Information provided:
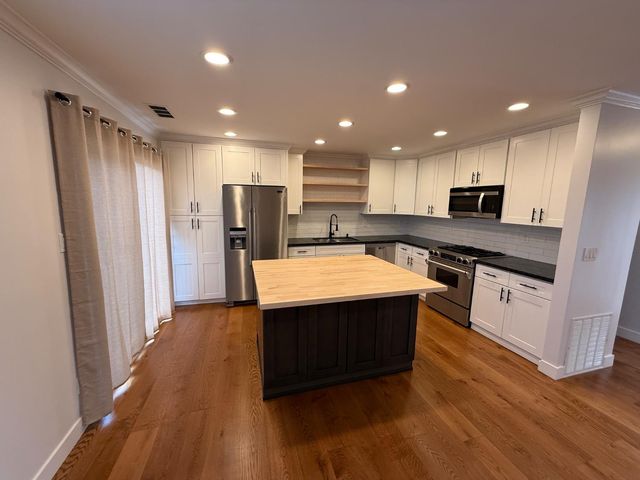 3006 Chestnut Hill Dr, Sacramento, CA 95826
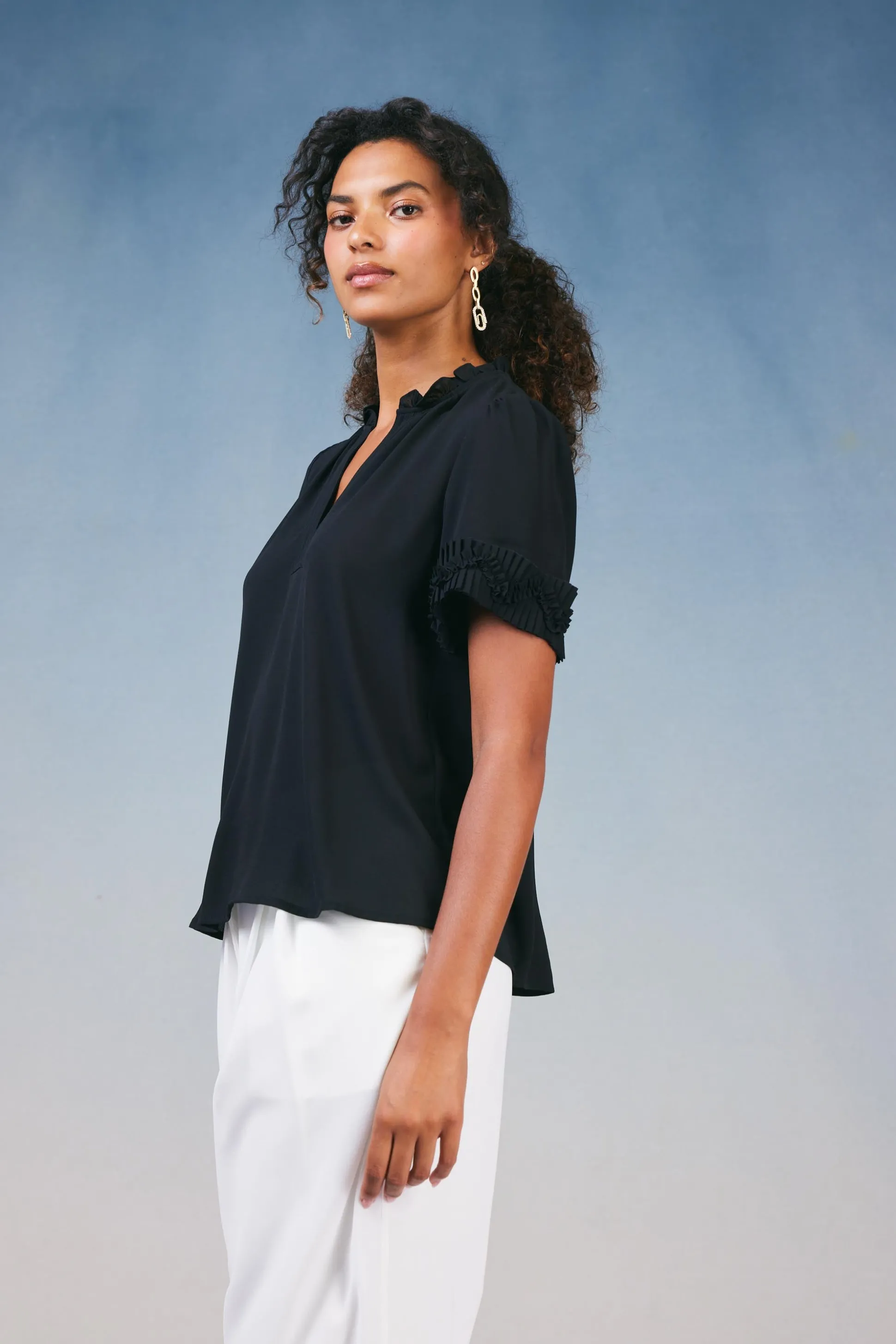 Ruffled Trim Blouse<Current Air Hot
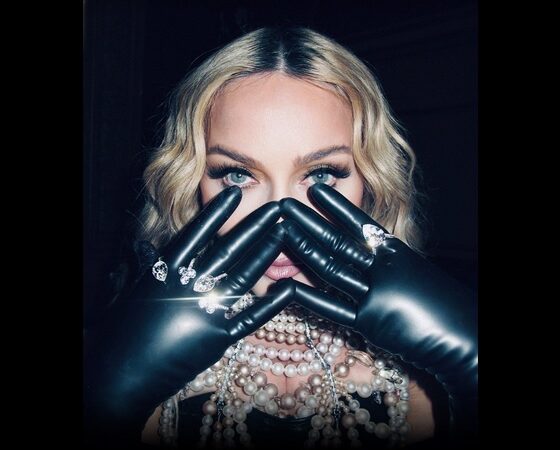 Torres, drones, pente-fino na areia: segurança do show de Madonna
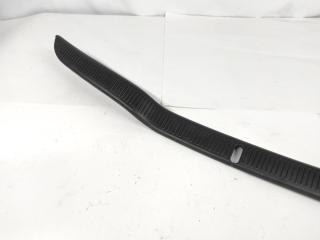 Накладка замка багажника soarer 1994 JZZ30 1JZ-GTE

What this task involves:
A verbatim copy of the data, with all pictures omitted, is the required output.

Answer to this problem:
 3006 Chestnut Hill Dr, Sacramento, CA 95826
 Ruffled Trim Blouse<Current Air Hot
 Torres, drones, pente-fino na areia: segurança do show de Madonna
 Накладка замка багажника soarer 1994 JZZ30 1JZ-GTE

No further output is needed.